Females are built for motherhood. It’s the central fact of women’s existence since the dawn of time. Motherhood is at the core of how women are defined–by ourselves and society. Yet increasingly, it’s not the case for many of us—according to the latest census, almost 46 % of women up to age 44 are childless. And despite scientific advances in fertility and wider opportunities for adoption, increasing numbers of childless women are the result of choice or circumstances.
Even the word “childless” makes me cringe a little; it sounds as if women without children are “less”, missing something, empty rather than full. And the truth is that’s how I’ve come to feel since becoming a mother myself—that I would have been missing out.
I experience so much of life through the filter of motherhood that sometimes I forget how I felt being a woman and NOT a mother.

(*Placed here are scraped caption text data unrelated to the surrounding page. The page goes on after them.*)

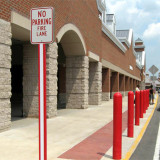 Red and white U-Channel Cover on a No Parking Fire Lane sign with red bollard covers in the background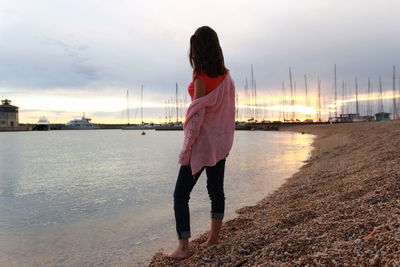 Rear view full length of woman standing at harbor against cloudy sky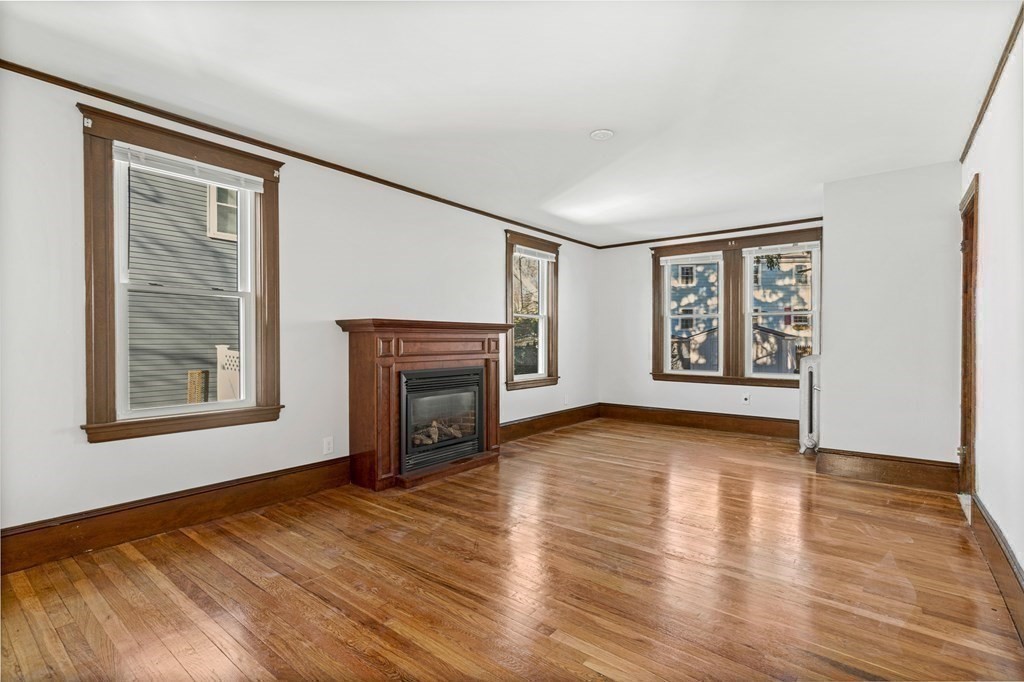 9 Upland Road Winchester, MA 01890 - Photo 19 of 42 an empty room with windows and fireplace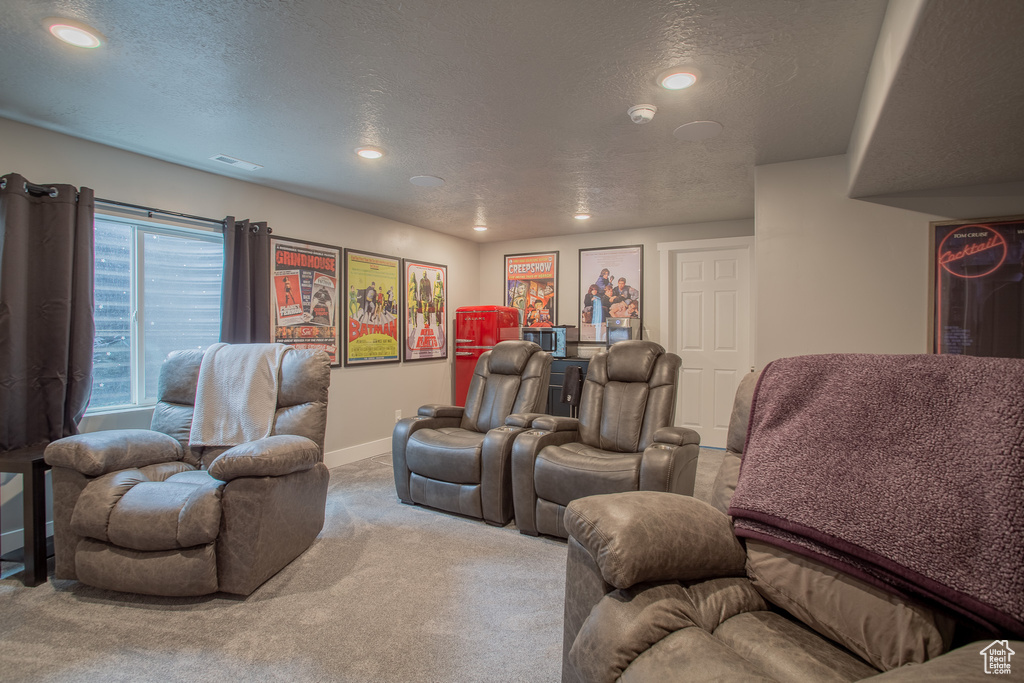 Carpeted home theater with recessed lighting and a textured ceiling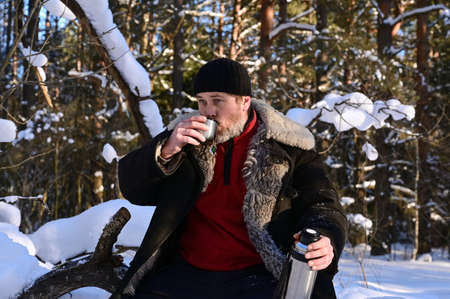 Portrait of brutal man with beard. Adult man is holding thermos with cup of hot tea, drinking...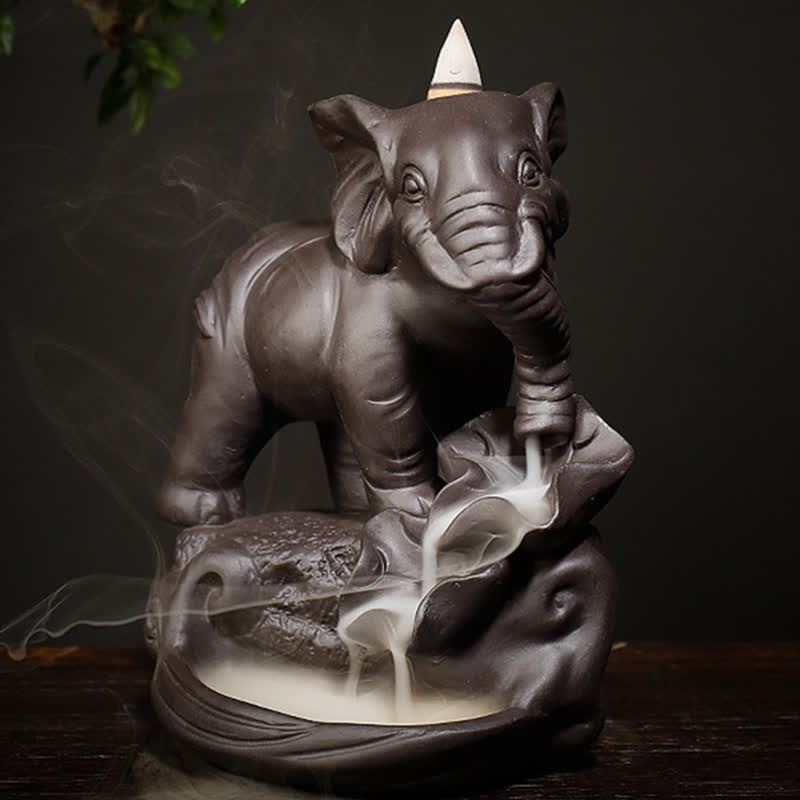 Elephant Backflow Incense Burner – Close front view with smoke waterfall effect on dark ceramic lotus base, zen home accent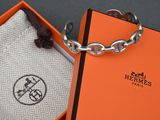 an orange box with a keychain and a silver chain around it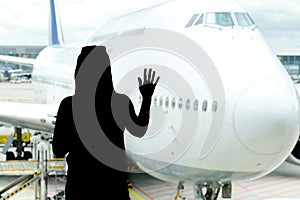 Black woman silhouette looking to aircraft in the airport hall- missed or cancelled flight concept.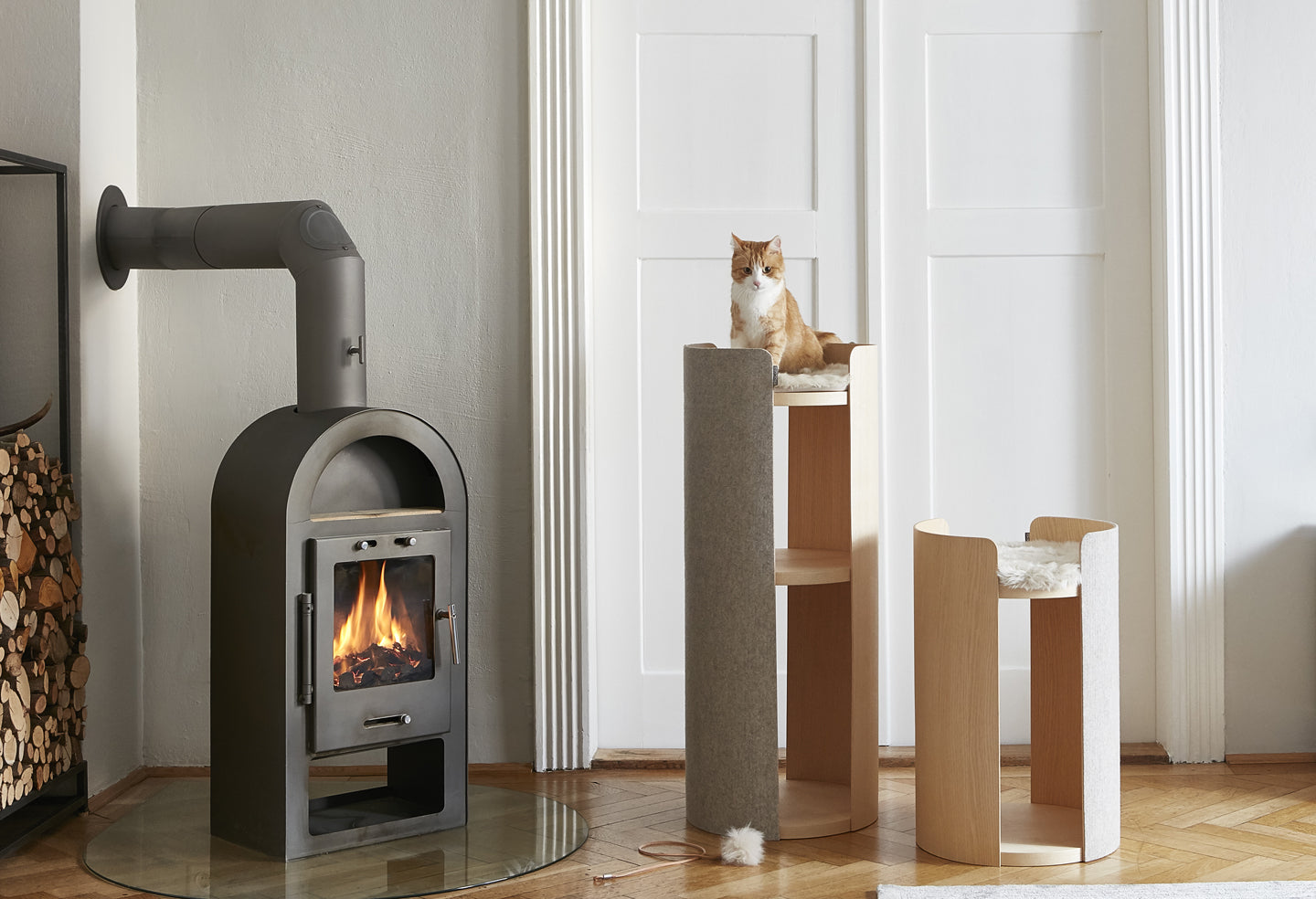 Cute cat sitting on modern Miacara cat tower and stylish scratching post.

Which is all pretty ironic, looking back. I never dreamed of having babies, never expected to have them, never felt maternal before I had children. I would never have guessed it would become my highest priority, my most important job, even my destiny. If someone asks me to identify myself, being a mother is the first thing I think, whether or not it’s the first thing I say.
Since I came so close to not having kids, sometimes I think about what life might have been like without them. Which is why it was so poignant to read a recent post expressing the reverse.
It’s written by Melanie Notkin, founder of Savvy Auntie, who always wanted and assumed she would be a mom. At 42, she’s seeing her odds of having that fairy tale with a husband and children becoming more unlikely.
I hope you’ll read Melanie’s post, if only to understand how it feels from the other side. What touches me most is how NOT being a mom has inspired her to spin her life in a different direction.
I’m not childless, I’m child-full. I’m not a mother but I am maternal…to the women who are on the other side of hope, know that you are more powerful than your womb. You are maternal whether or not maternity ever comes.
Today’s “savvy auntie” couldn’t be further from the “old maid” of our childhood. Melanie has invented and built a movement based on these enormous social changes—and the fact that it still takes a village to raise a child.
How lucky we are that the Melanies of this world are part of our global village—and all of our lives.